Нас у мамы было семеро сыновей, но Ванька – самый умный, самый башковитый. Он с трех лет начал читать и все схватывал на лету. Окончил школу с медалью и поступил в Художественную академию. Но так как у наших родителей не было возможности прокормить такую ораву, из академии он вынужден был уйти.
Ваня брался за любую работу, какую бы ему ни заказывали. Рисовал даже такую пошлятину, о которой и сказать-то неудобно. Только теперь, став седым, я понял, какую жертву брат принес ради нас, своих братьев.
Но вот пришла беда. К Ивану обратился его бывший одноклассник.
– Подделай, Вань, печать, – умолял он, – иначе я в тюрьму попаду.
Брат ни в какую не соглашался, пытался вразумить одноклассника, но тот, наговорив ему много обидных слов, ушел. А через полчаса прибежала его мать и, плача, сказала, что Андрей попытался наложить на себя руки. Пришлось Ване помогать этому Андрею. А вскоре брата арестовали. Кто-то донес на него. Брат отсидел и вышел из тюрьмы с туберкулезом. Через год его не стало. Ум, талант, доброта – все пошло прахом.
Зачем я написал это письмо? Хотелось рассказать об Иване. Мне будет легче умирать, если о нем узнают. Он был красивым человеком, но его погубила доброта».
Научу вас, дорогие мои, как ставить защиту от несправедливого судебного приговора.
В тот же час, на который назначен суд, петуху отрезают голову. Говорят:
Как эту голову не могут осудить, как ее не могут на шею заново посадить, так и раба Божия (имя) не может судья осудить, за железные засовы в тюрьму посадить. Аминь.
От суда
Иду на суд, три бога несу с собой. Один зубы заговаривает, второй рот закрывает, а третий язык проглатывает. Во имя Отца и Сына и Святого Духа. Аминь.

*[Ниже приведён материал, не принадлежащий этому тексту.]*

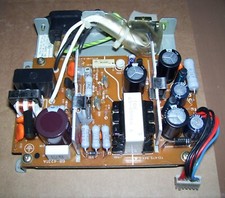 Atari St 520 1040 Stf Stfm Ste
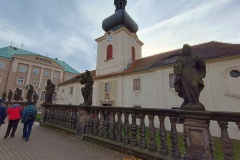 IMG_20251101_135547623_HDR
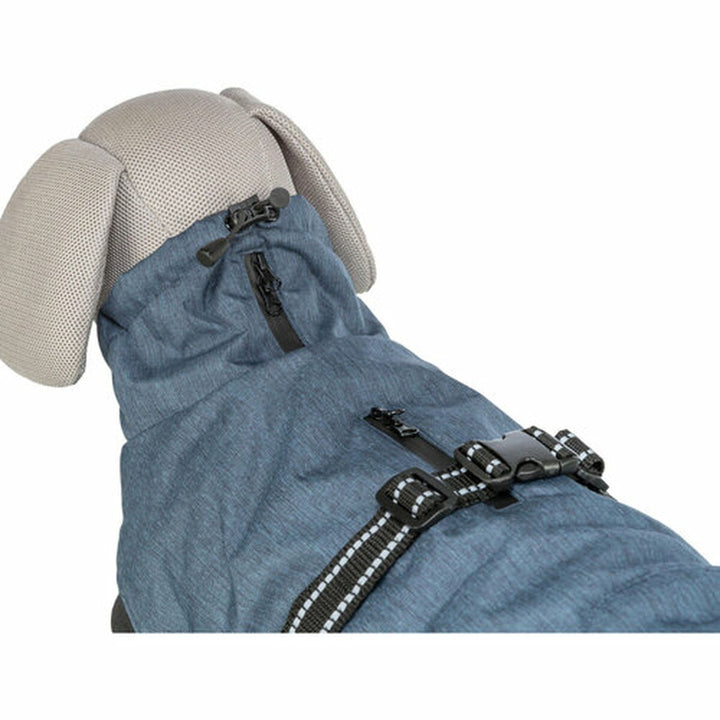 V4HDEBAAEB872703E10D787B82A06AFF619R7448990P10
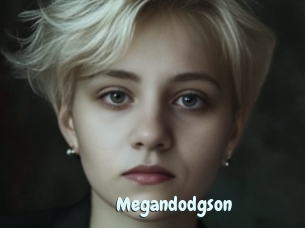 Megandodgson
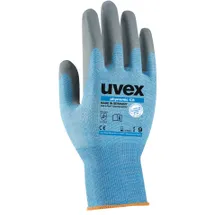 Uvex phynomic C5 60081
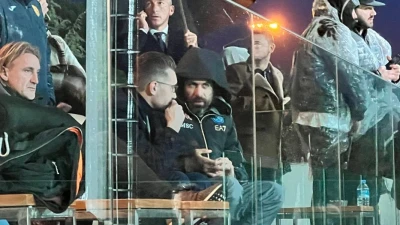 Pedullà: "Scambio Sirigu-Gollini ai dettagli, svelato il motivo dell'addio del sardo"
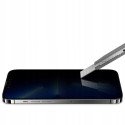 Glastify UVTG+ pro Galaxy S23 Ultra – čiré (2 ks)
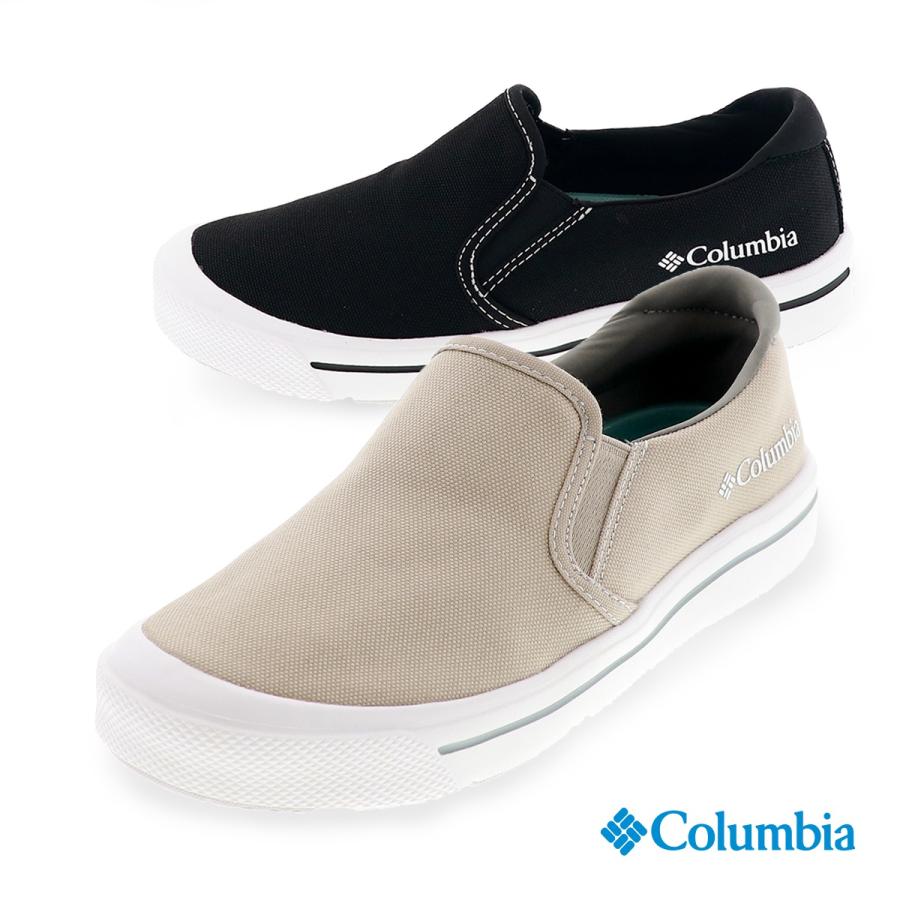 Columbia コロンビア 防水スニーカー ホーソンレイン スリップ Columbia コロンビア 防水スニーカー ホーソンレイン スリップ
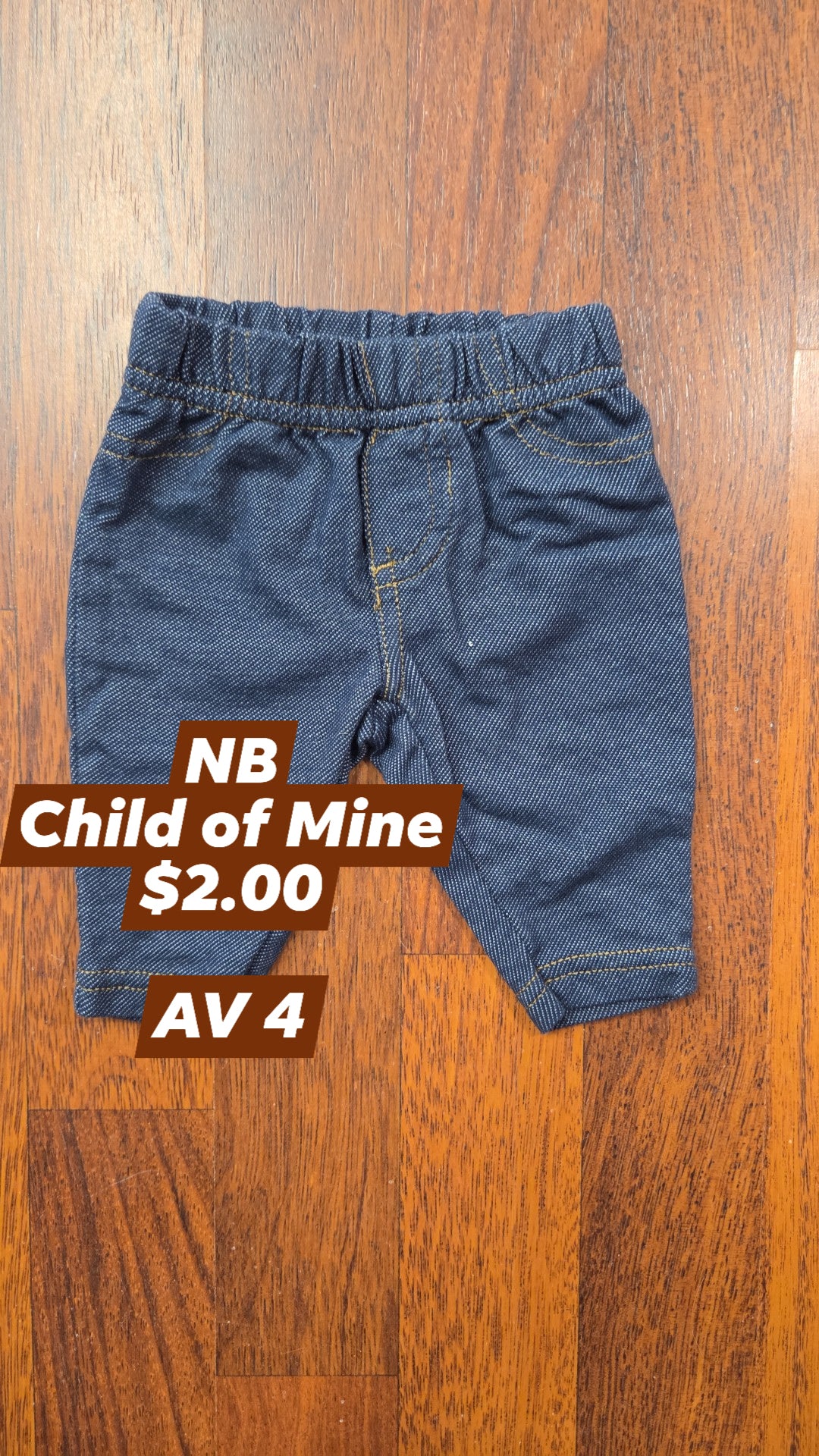 Newborn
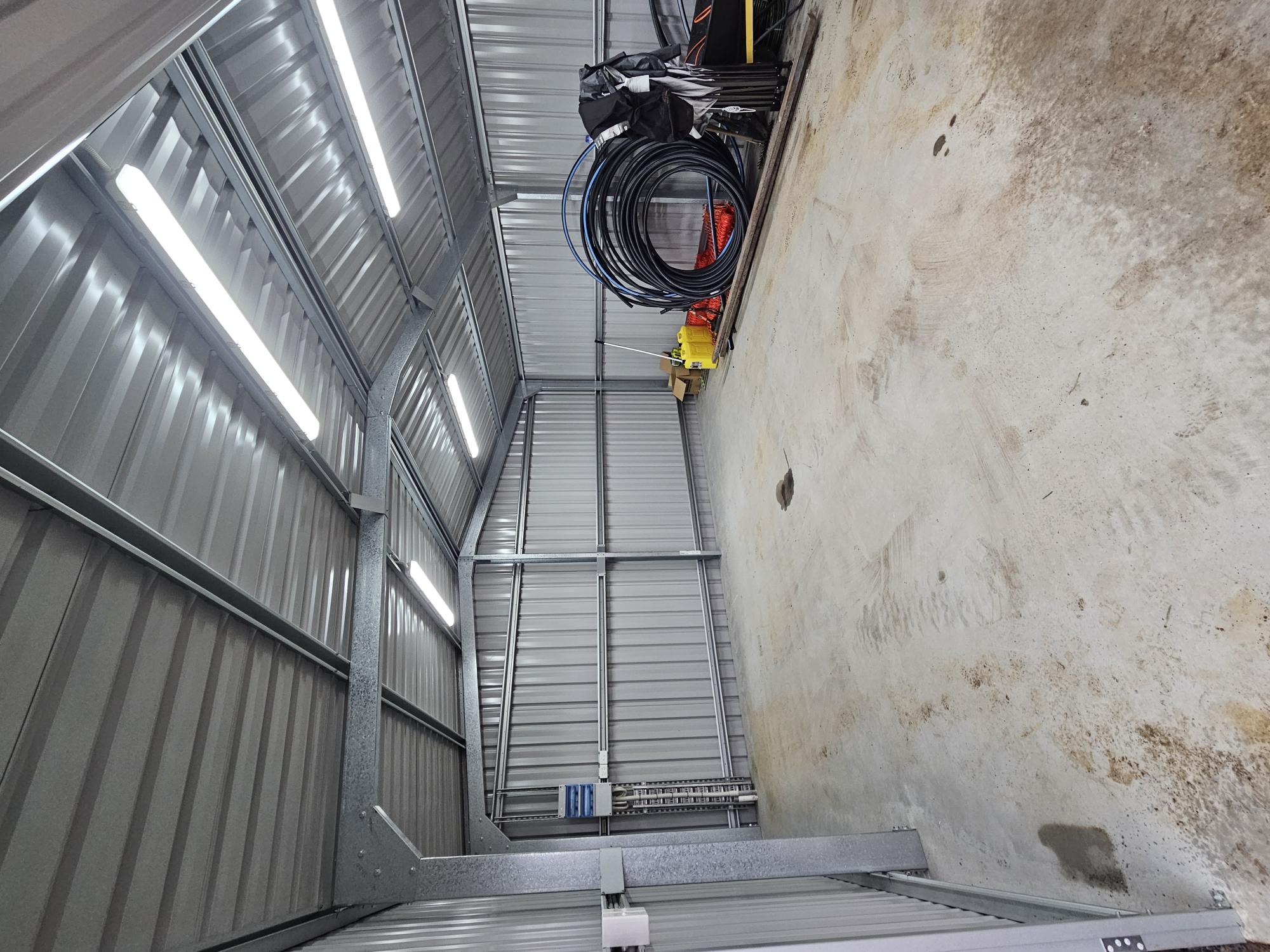 Images Orana Electrical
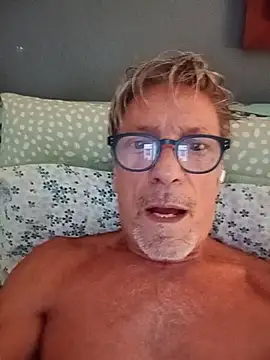 Deddyitalia3p Webcam show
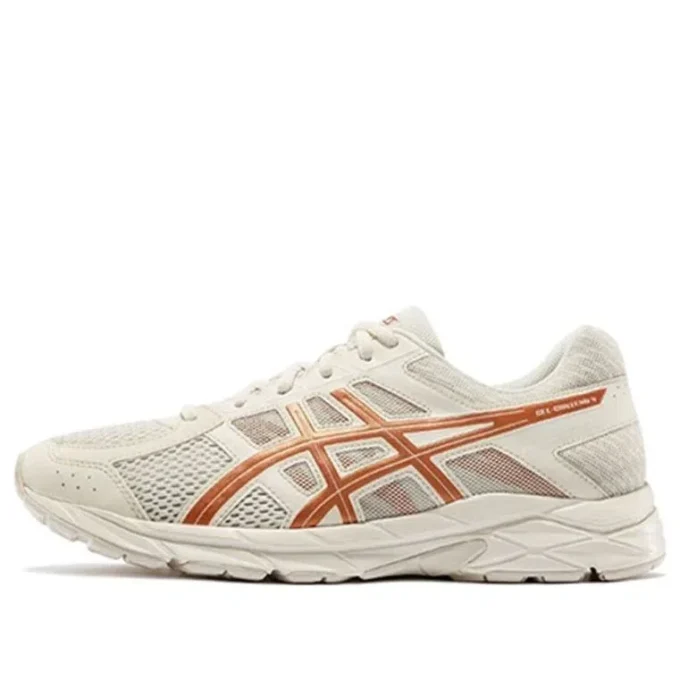 GEL-Contend 4 «Copper»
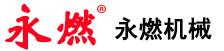 破碎機(jī)、球磨機(jī)、回轉(zhuǎn)窯、烘干機(jī)設(shè)備生產(chǎn)廠(chǎng)家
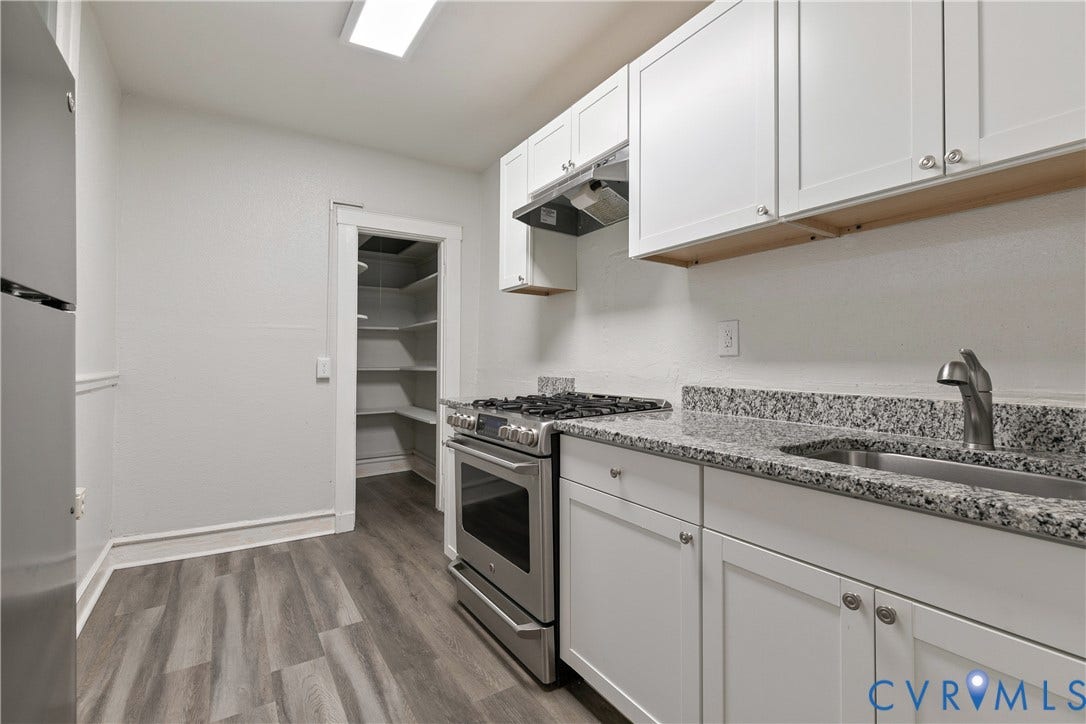 2400 Barton Avenue, Northside, Richmond, VA 23222 2400 Barton Avenue, Northside, Richmond, VA 23222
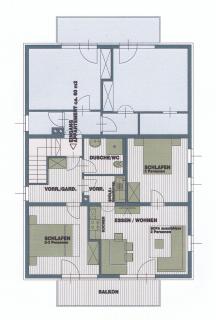 Haus Hofer - 8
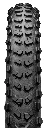 Continental Mountain King ShieldWall Tyre 2.webp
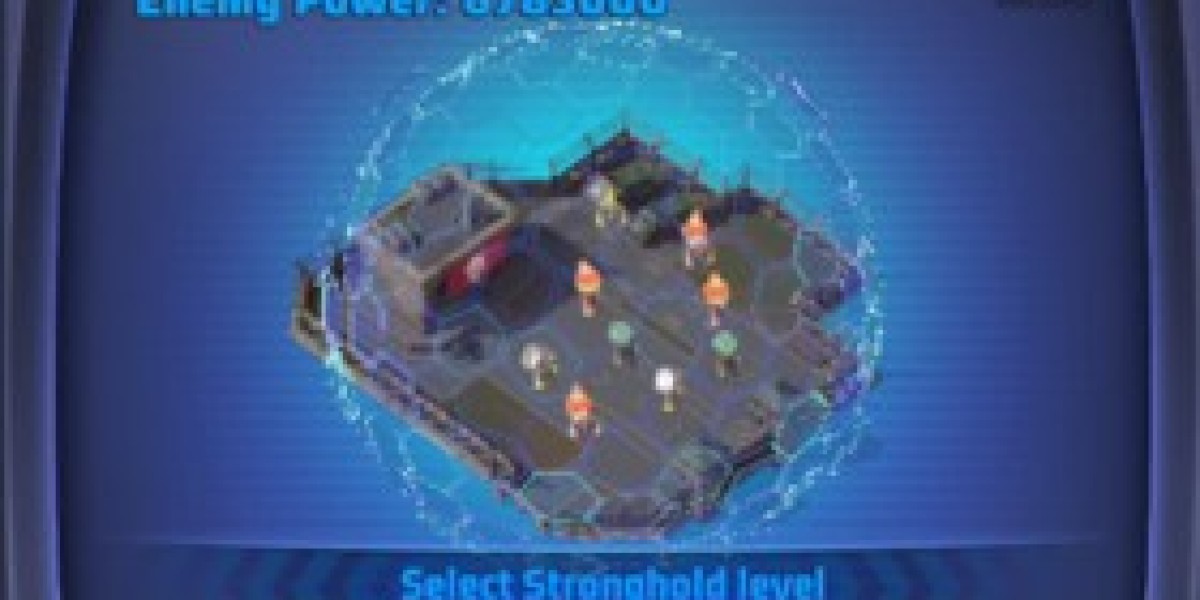 Zombie Siege: Clue Points and Defense Tips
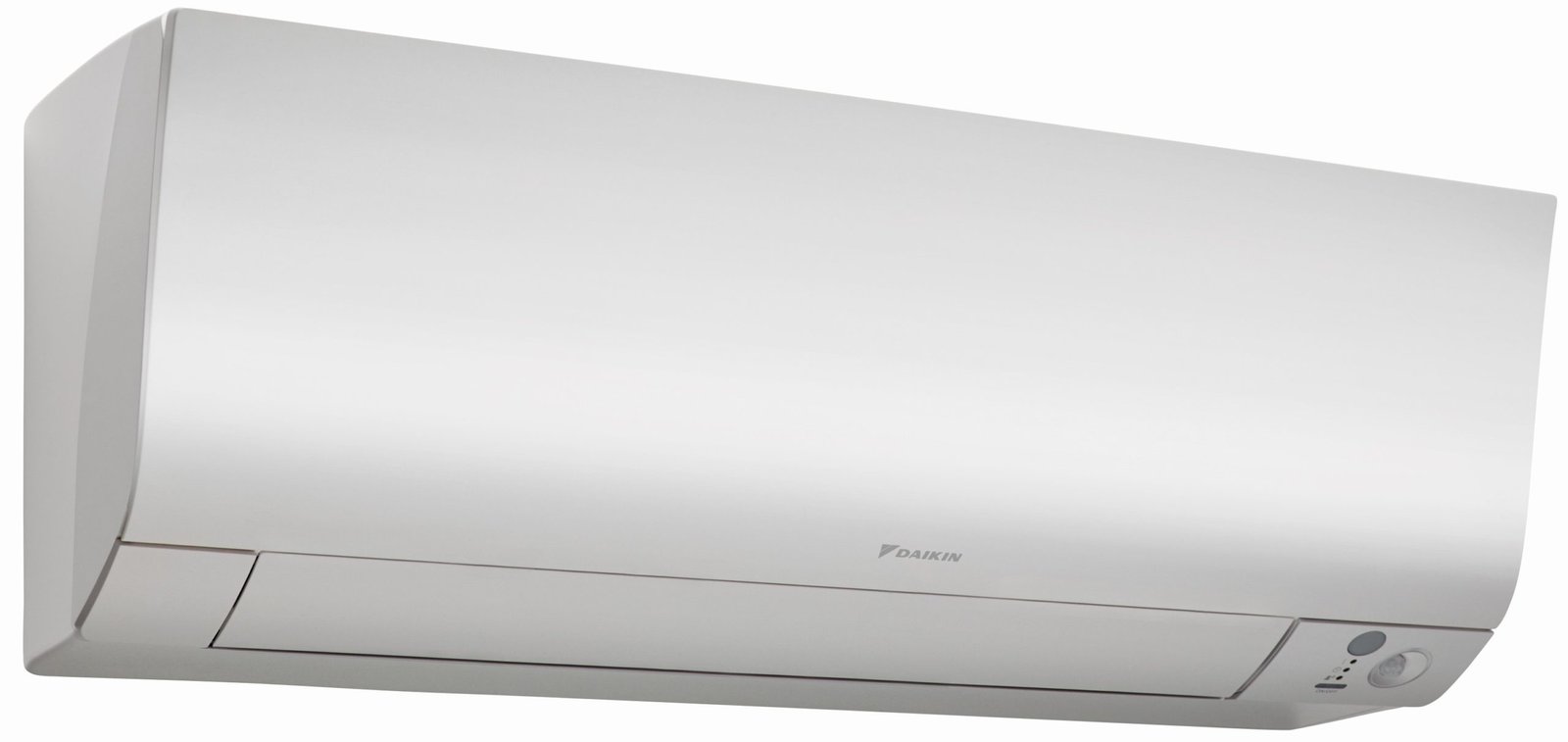 Daikin Perfera NORDIC FTXTM/RXTM - Image 3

Читать про себя во время суда.
Как косяки немые, стены глухие, так и судьи, будьте немые и глухие. Как топну ногой, судьи все под столом. Аминь.
Читать в зале суда 3 раза.
Пришел я на суд, раб Божий (имя), как в гости. Тело мое, как кости, кровь моя, как смола. Судить судьям меня нельзя. Руки бы у них не поднимались, уста не разевались. Отними, Господь, судьям руки, ноги и язык. Аминь.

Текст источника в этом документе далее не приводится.